Lucas Ramirez is a planning commissioner and council policy and legislative analyst at San Jose City Hall. He is a supporter of Mountain View’s rent control program, but said he will vote no on Prop 10, the statewide proposition that would allow cities to apply rent control to new housing.

Ramirez explained that he doesn’t want cities to be able to apply rent control to new development because it would stifle the construction of housing.

He’s serves on the VTA 2000 Measure A Citizens Watchdog Committee and says he wants to work to implement a safe parking program for RVs, provide better outreach and assistance to the homeless and provide “appropriate enforcement” of city laws.

Alison Hicks is a former urban planner who has worked in San Jose and Oakland.

She co-founded the sensible-growth group Livable Mountain View and said she wants to ensure the city uses good design as it transitions from a suburb to an urban area.

Hicks takes a particular interest in the downtown area and wants to see it keep its funk and interest as new developments crop up.

1 Comment


    Rent control doesn’t force owners to offer their properties “to let” at the allowed rent.
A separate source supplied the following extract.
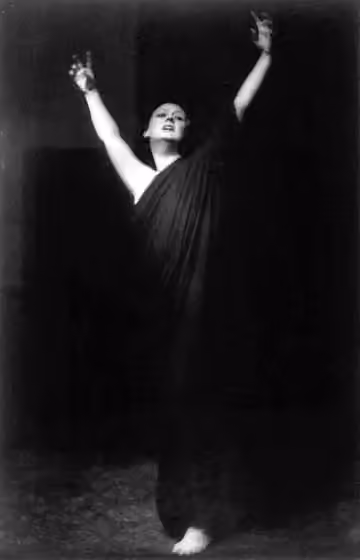 Modern dance in the United States — Isadora Duncan (1878–1927)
Rent control doesn’t force land owners to build more housing. On the contrary, it discourages both, reducing the supply of housing and RAISING other rents. Exempting NEW buildings from rent control may avoid deterring construction, but it still doesn’t open up EXISTING buildings for tenants. Worse, it means that the stock of rent-controlled housing becomes a shrinking fraction of the whole housing stock — unless the exemption is only for a limited time, in which case you’re discouraging construction again!

    Will removing regulatory barriers to construction solve the problem? Not by itself, although it’s obviously a necessary condition. Cheaper housing requires developers, builders, and owners to increase supply to a point where it reduces their return on investment. They obviously won’t do that voluntarily. They will do it only if they are penalized for NOT doing it.

    SOLUTION: Put a punitive tax on vacant lots and unoccupied housing, so that the owners can’t afford NOT to build housing and seek tenants. By reducing the owners’ ability to tolerate vacancies, a vacancy tax strengthens the bargaining position of tenants and therefore reduces rents. It yields both an *immediate* benefit, by pushing existing dwellings onto the rental market, and a *long-term* benefit, by encouraging construction.

    Such a tax, by reducing the cost of housing, would make it easier for employers to pay workers enough to live on. A similar tax on commercial property would reduce rents for job-creating enterprises. That’s GOOD FOR BUSINESS and GOOD FOR WORKERS.

    A vacancy tax is also GOOD FOR REALTORS because they get more rental-management fees for properties coming onto the rental market, plus commissions from any owners who decided to sell vacant properties to owner-occupants (who of course don’t pay the tax).

    Best of all, the need to avoid the vacancy tax would initiate economic activity, which would expand the bases of other taxes, allowing their rates to be reduced, so that the rest of the city/state/country gets a tax cut!